> [Requirement]:
Beneath this line are the data; copy exactly the part of them that opens with the line containing "Load image into" and closes with the line containing "2024 Honda Civic", and only that part.

Stored items from a collection
------

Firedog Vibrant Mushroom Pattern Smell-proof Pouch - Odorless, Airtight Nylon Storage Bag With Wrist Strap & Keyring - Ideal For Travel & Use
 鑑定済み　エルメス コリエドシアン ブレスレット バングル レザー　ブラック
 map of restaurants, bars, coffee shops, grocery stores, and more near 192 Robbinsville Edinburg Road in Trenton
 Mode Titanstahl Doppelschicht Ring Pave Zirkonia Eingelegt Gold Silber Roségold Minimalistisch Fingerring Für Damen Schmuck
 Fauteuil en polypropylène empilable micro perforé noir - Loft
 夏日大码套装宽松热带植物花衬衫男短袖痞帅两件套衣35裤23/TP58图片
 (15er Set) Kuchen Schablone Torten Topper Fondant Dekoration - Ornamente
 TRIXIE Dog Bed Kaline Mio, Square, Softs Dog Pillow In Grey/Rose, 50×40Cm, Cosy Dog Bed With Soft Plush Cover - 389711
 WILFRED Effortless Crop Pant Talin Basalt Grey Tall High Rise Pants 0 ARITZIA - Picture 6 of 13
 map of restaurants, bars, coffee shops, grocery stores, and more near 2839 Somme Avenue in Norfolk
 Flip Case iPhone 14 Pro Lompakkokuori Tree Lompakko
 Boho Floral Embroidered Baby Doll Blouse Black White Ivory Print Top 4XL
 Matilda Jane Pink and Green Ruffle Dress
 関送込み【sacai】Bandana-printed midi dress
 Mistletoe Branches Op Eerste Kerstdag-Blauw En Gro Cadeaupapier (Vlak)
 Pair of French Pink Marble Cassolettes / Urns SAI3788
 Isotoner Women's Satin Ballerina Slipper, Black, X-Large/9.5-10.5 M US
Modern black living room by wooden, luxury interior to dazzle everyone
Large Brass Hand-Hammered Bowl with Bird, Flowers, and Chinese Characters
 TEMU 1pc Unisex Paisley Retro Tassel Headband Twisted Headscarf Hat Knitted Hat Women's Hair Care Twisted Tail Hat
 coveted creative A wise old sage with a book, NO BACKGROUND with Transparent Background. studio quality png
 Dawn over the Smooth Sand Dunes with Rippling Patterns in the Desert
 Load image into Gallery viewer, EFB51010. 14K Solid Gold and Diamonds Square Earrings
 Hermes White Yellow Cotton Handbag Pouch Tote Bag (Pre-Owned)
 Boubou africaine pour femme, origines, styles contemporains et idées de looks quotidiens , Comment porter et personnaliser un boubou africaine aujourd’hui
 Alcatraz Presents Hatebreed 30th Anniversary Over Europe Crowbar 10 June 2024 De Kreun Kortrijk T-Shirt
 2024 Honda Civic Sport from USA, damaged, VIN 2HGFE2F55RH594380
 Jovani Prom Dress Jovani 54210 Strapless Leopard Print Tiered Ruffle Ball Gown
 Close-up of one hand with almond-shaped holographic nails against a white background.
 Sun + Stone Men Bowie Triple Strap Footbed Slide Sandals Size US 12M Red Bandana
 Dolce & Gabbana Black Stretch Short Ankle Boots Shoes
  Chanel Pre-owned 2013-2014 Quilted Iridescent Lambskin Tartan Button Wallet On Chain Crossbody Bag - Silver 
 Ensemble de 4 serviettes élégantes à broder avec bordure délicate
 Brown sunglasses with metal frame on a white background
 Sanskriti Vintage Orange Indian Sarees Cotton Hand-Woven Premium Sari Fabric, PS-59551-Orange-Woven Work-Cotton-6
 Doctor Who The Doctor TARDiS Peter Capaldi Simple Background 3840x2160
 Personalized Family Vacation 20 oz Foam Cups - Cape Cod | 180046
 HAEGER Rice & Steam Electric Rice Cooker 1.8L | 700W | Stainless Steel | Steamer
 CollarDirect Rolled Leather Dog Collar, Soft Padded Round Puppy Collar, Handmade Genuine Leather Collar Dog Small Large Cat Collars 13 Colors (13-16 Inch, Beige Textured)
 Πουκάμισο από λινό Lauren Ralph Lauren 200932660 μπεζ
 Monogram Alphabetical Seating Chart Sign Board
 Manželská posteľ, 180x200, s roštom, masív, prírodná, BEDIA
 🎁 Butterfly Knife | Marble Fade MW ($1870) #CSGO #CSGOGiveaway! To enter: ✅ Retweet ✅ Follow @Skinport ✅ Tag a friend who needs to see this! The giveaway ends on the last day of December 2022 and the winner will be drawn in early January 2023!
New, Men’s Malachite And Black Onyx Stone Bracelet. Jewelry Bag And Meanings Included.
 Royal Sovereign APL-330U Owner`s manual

------

> [Your response]:
 Load image into Gallery viewer, EFB51010. 14K Solid Gold and Diamonds Square Earrings
 Hermes White Yellow Cotton Handbag Pouch Tote Bag (Pre-Owned)
 Boubou africaine pour femme, origines, styles contemporains et idées de looks quotidiens , Comment porter et personnaliser un boubou africaine aujourd’hui
 Alcatraz Presents Hatebreed 30th Anniversary Over Europe Crowbar 10 June 2024 De Kreun Kortrijk T-Shirt
 2024 Honda Civic Sport from USA, damaged, VIN 2HGFE2F55RH594380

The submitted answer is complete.